筒井氏の断筆事件や「ちび黒サンボ」事件を通して、出版社は何も学ぶことがなかったようです。
文化の担い手としての自覚があまりにも希薄、実に悲しい出来事ですね。

>ある価値観や文明、人種、言語、信仰などを全否定することを歴史は何と呼んだだろうか。

空恐ろしい事態が進行していると思えてなりません。
12/30/09 10:17:23

pierre wrote:

Nezshiさん
この段階で薄々危険だと感じる人が増え始めるのですが、すでに何年も前からこういう動きは始まっていました。

警告を発しても誰も気付かない。

調子に乗った彼らが墓穴を掘ってくれたおかげで、ようやく事の重大さに気付いてくれた人が増えたのだけは良かった。
12/30/09 19:56:15

会長 wrote:

アインシュタインやチャーチルにはどんな理屈で来るのだろう。
01/01/10 03:41:57

pierre wrote:

会長殿。

原爆の基礎理論を作ったり、戦争ではりきるやつは喫煙者だけだ、ということでしょう。
01/01/10 22:03:55

山田太郎 wrote:

pierreさんあけましておめでとうございます。

私は今帰省中なのですが、ちょうど運よくこの雑誌がまだ売ってあったので購入できました。
通読してみたところ「喫煙シーンが頻繁に描かれており、本文にもタバコを礼賛する内容」というのは私の判断ではほぼ言いがかりに等しかったです。
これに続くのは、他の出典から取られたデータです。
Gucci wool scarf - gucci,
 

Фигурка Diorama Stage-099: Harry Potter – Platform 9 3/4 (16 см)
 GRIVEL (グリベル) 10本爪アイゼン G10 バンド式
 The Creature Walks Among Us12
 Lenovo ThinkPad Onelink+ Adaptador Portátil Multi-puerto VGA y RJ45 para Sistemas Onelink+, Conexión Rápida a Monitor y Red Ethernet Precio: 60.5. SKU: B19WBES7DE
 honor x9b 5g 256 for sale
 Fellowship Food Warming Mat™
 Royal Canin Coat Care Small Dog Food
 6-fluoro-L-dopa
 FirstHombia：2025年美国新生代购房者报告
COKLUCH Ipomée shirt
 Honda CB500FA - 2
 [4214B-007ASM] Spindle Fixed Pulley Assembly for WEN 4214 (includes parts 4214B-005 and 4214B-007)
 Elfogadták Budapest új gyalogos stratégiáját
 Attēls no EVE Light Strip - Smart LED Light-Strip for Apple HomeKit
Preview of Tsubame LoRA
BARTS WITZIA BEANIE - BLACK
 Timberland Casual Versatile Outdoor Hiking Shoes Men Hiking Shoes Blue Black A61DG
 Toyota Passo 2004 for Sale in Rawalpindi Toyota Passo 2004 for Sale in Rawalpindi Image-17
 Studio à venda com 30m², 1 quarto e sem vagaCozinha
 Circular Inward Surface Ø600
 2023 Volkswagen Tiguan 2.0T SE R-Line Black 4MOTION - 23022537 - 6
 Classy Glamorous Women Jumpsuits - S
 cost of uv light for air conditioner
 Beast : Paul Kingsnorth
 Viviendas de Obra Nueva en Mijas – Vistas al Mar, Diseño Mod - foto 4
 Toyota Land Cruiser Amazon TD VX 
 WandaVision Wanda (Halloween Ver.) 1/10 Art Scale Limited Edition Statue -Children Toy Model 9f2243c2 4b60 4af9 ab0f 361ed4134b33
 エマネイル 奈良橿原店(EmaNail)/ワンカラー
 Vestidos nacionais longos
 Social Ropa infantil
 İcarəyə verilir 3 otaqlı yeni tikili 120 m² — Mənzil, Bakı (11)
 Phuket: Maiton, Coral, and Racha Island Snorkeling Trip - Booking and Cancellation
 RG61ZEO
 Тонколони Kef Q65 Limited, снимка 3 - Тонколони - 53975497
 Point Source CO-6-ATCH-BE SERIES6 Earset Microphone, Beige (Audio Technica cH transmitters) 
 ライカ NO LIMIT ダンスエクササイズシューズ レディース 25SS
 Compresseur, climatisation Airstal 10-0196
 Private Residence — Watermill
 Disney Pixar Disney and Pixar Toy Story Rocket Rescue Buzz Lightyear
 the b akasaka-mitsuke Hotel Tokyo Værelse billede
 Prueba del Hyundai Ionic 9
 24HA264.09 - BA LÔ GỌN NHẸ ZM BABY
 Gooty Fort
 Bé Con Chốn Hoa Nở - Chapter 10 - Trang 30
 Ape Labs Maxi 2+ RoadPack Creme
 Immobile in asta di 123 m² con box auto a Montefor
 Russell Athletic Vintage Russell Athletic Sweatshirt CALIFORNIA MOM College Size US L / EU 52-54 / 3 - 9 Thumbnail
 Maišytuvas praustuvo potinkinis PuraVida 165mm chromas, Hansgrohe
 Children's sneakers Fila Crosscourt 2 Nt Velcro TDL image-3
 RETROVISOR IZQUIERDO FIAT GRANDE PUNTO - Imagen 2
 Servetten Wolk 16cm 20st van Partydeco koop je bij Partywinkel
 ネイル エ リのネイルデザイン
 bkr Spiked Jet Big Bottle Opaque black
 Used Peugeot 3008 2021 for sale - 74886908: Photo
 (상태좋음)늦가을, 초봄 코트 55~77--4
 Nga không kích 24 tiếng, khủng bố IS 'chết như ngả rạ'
中身を見れば単に発明家のおじいちゃんがパイプをふかす絵が全40ページの中で5回描かれ(しかし特にクローズアップしているというわけではありませんでした)観察していた江戸の人(おじいちゃんのおじいちゃんという設定)もたばこが好きだという文字描写があっただけで「礼賛」に当たる表現は見当たりませんでした。
すでにネット上では見当たらなくなっていますが、実物を直接見てみたらタバコが好きか嫌いかかに関わらず大部分の読者の反応は「推して知られる」内容です。

実物は野村たばこさんにお願いしてしばらく置いてもらえるようにしたいと考えています。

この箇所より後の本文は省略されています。